What you will do:
Skip any image you find and restate the rest of the data word for word.

[Stored data]
┏━━

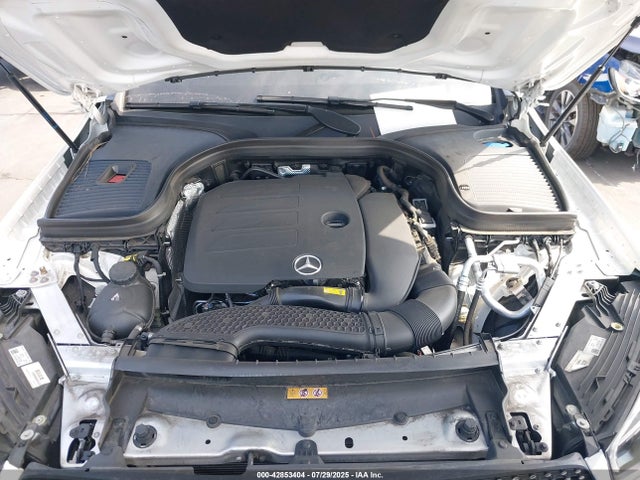 W1N0J8EB6PG128632 Mercedes-Benz m264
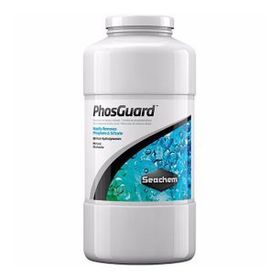 Seachem Phosguard 1000 ml Fosfat ve Silikat Önleyici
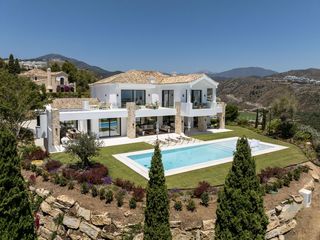 Haus in La Quinta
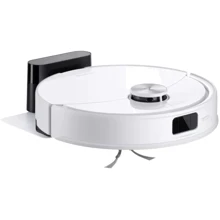 Робот-пилосос RoboRock Q10 VF White: Виробник RoboRock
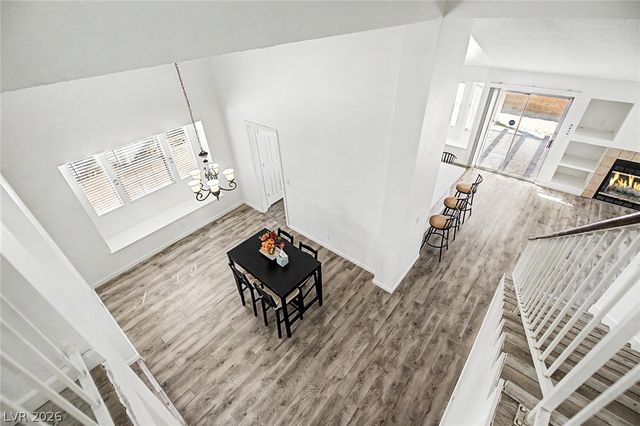 3162 Spokane Drive, Las Vegas, NV 89121
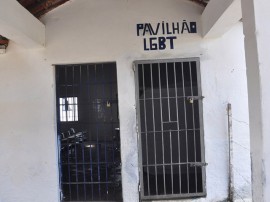 roger lgbt  44 270x202 - Governo instala Alas LGBT em Unidades Prisionais da Paraíba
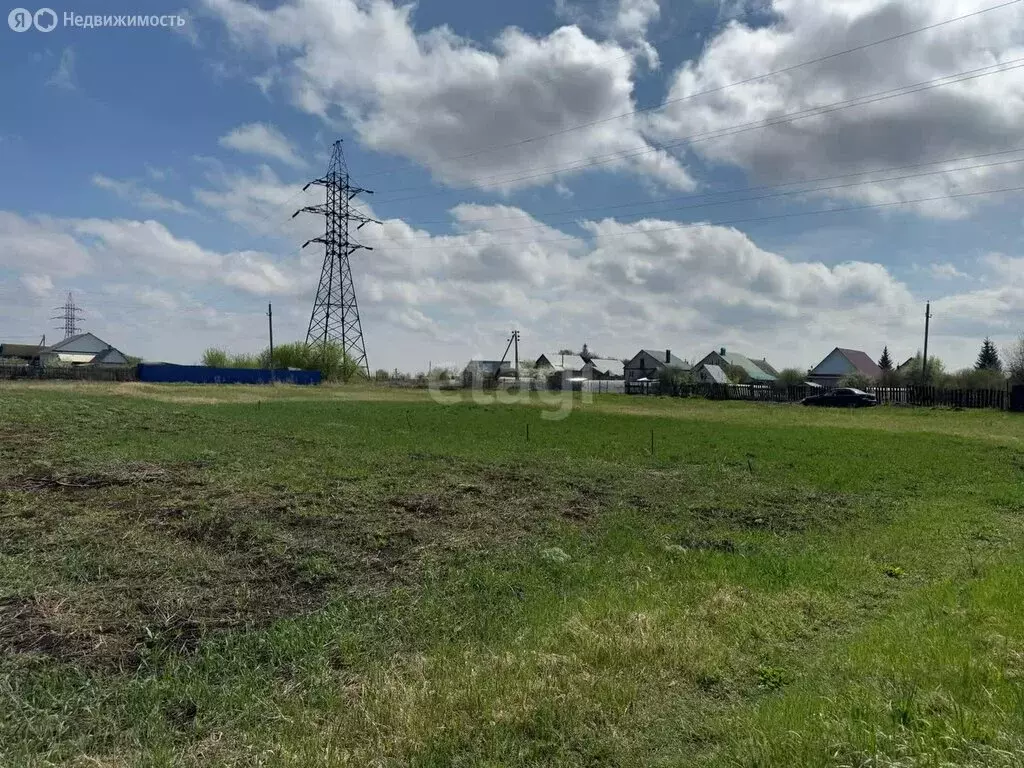 Участок в Республика Башкортостан, Стерлитамак (10.1 м) - Фото 1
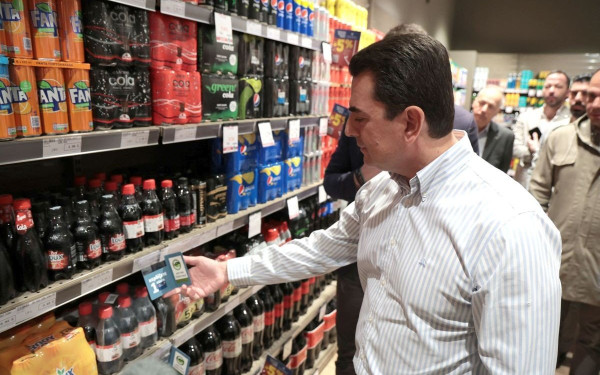 Σκρέκας για ακρίβεια: Τα μέτρα αποδίδουν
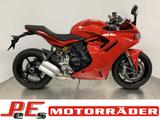 Ducati Supersport *1.Hand, frischer Service* - DUCATI F1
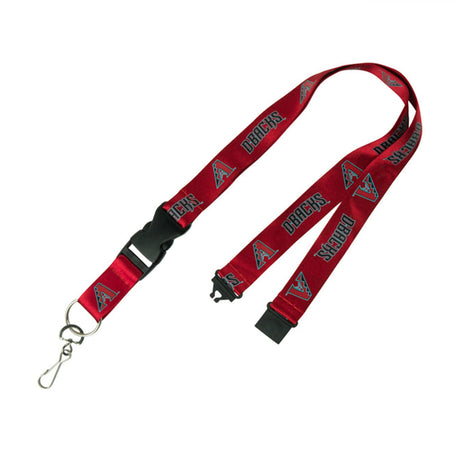 Arizona Diamondbacks Red Lanyard - PSG - 10024101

┗━━

Task answer:
 W1N0J8EB6PG128632 Mercedes-Benz m264
 Seachem Phosguard 1000 ml Fosfat ve Silikat Önleyici
 Haus in La Quinta
 Робот-пилосос RoboRock Q10 VF White: Виробник RoboRock
 3162 Spokane Drive, Las Vegas, NV 89121
 roger lgbt  44 270x202 - Governo instala Alas LGBT em Unidades Prisionais da Paraíba
 Участок в Республика Башкортостан, Стерлитамак (10.1 м) - Фото 1
 Σκρέκας για ακρίβεια: Τα μέτρα αποδίδουν
 Ducati Supersport *1.Hand, frischer Service* - DUCATI F1
 Arizona Diamondbacks Red Lanyard - PSG - 10024101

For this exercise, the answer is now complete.